Anderson Co. emergency services tells community not to ‘panic buy’ amid Colonial pipeline shutdown

Local News

ANDERSON COUNTY, SC (WSPA) — Anderson County Emergency Services officials told residents to only get the fuel that you actually need, as Colonial Pipeline Company’s temporary shutdown continues.

County representatives said on Tuesday that with normal fuel usage there will be ample fuel supply.

They’re encouraging people not to panic buy.

“We’re not in a position where people need to be doing things like that because what ultimately ends up happening, is they get an excess of fuel and they take it out of their neighbors’ tanks where that fuel would be available for other folks who are also in need,” said David Baker, Director of Anderson County Emergency Services.

According to Colonial Pipeline’s website, it typically transports more than 100 million gallons of fuel daily across the country, this includes in Anderson County.

“Keep in mind, Colonial is the pipeline. It’s the actual supply of fuel to the tanks. Colonial wouldn’t necessarily be independent retailers or independent suppliers here locally. They would ultimately be the supplier to those folks,” Baker said.

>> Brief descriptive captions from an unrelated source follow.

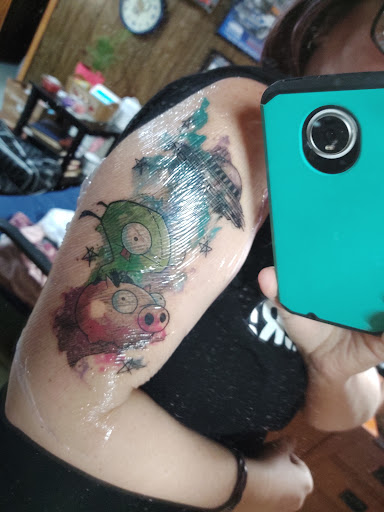 Explore 50th birthday tattoo ideas, creative tattoo ideas in Benton, available at Spectrum Tattoo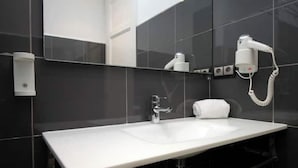 A modern bathroom with a white sink, a mirror, and a hairdryer mounted on the wall. - Spacious 2BR, quick access to Downtown (Barcelona)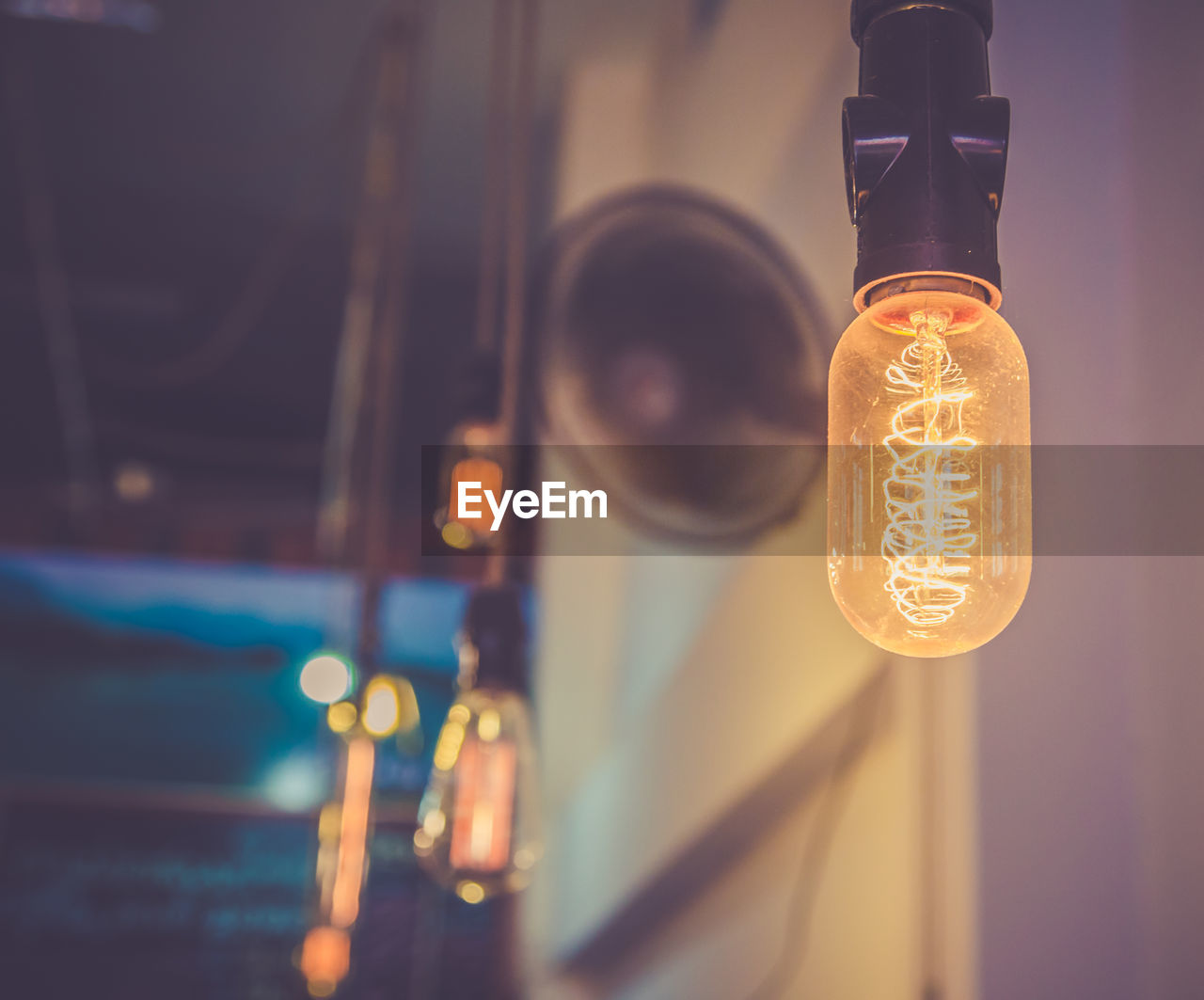 Low angle view of illuminated light bulbs hanging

“We have two pipelines, major pipelines that pump fuel directly into our area,” Baker said. “Colonial Pipeline obviously is the one that is in discussion right now, where they’ve had a cyber attack, and are proactively going through their system and trying to get things restored,” he said.

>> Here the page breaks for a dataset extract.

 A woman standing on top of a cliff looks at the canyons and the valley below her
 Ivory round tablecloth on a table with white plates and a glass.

“Obviously just get what you’re going to need to make it through the week and hopefully by that time, we’ll see restoration and an increase in supply,” Baker said.

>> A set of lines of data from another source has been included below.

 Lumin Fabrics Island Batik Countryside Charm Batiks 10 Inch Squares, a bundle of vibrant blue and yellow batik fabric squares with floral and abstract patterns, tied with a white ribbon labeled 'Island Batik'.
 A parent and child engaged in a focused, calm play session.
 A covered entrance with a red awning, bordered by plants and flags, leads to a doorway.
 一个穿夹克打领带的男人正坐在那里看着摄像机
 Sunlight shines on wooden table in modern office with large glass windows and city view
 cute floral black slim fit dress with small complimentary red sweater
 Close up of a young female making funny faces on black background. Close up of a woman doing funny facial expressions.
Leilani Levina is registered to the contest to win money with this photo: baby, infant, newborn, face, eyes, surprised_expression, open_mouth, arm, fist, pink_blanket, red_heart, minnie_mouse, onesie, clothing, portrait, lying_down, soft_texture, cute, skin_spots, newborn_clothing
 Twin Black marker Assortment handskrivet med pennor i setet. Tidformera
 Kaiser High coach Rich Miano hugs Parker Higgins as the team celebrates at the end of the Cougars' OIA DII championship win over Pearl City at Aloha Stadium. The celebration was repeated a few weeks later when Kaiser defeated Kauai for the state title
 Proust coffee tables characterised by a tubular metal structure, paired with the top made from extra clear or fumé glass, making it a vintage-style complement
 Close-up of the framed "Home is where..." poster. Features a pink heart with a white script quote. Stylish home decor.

Governor Henry McMaster released a Facebook message echoing the same thing.

“My office has been in constant contact with the Office of Regulatory Staff regarding the temporary shutdown of the Colonial Pipeline and we stand ready to take any additional action that may be necessary,” the message read.

“Because our state is currently under a state of emergency, transportation waivers and price gouging laws are in effect to facilitate fuel delivery and protect consumers,” the message continued. “There is no need to rush to top off your gas tanks or hoard gas – the pipeline is expected to resume operations by the end of the week.”

Baker said Colonial Pipeline has already restored some of its system in certain areas.

“Some areas of their lines have been restored. They’re slowly but surely working their way through their system,” Baker said. “Now as far as the fuel coming directly into our area that comes into the Belton area, that has not yet been. But some of the other portions of their pipeline have been.”

Baker also said they have fuel coming in from another pipeline, as well.

“Now keep in mind we do have Plantation Pipeline, so we do have fuel that is still getting brought right here locally to us,” said Baker. “And we also have the ability to in the lower part of the state where pipelines are feeding down there to have additional trucked up here.”

Regarding their own emergency cars, Baker said that they have underground storage used to fuel all emergency cars.

“From a county perspective, we have underground storage here that we fuel all of our emergency vehicles and county vehicles and speaking with the fleet manager this morning, we’re in pretty good shape in on what we’re sitting on,” Baker said.

Baker said they are still being very careful, and he encourages everyone else to do the same.

“We’ll be using fuel as needed. Certainly not going to be stocking up, topping of tanks on vehicles that we’re not utilizing,” Baker said.

“What we do encourage people to do is to be very conscious of what their needs are for the next few days to a week, and don’t worry about next week and two weeks down the road and things like that,” Baker said.

Anderson County Emergency Services said it is in constant communication with the State Emergency Management Division and Colonial Pipeline Co. Baker said Colonial Pipeline hopes to have everything fully restored by the end of the week.

Governor Roy Cooper also signed an executive order declaring a state of emergency in North Carolina, and temporarily suspending motor vehicle fuel regulations to ensure adequate fuel supply supplies throughout the state.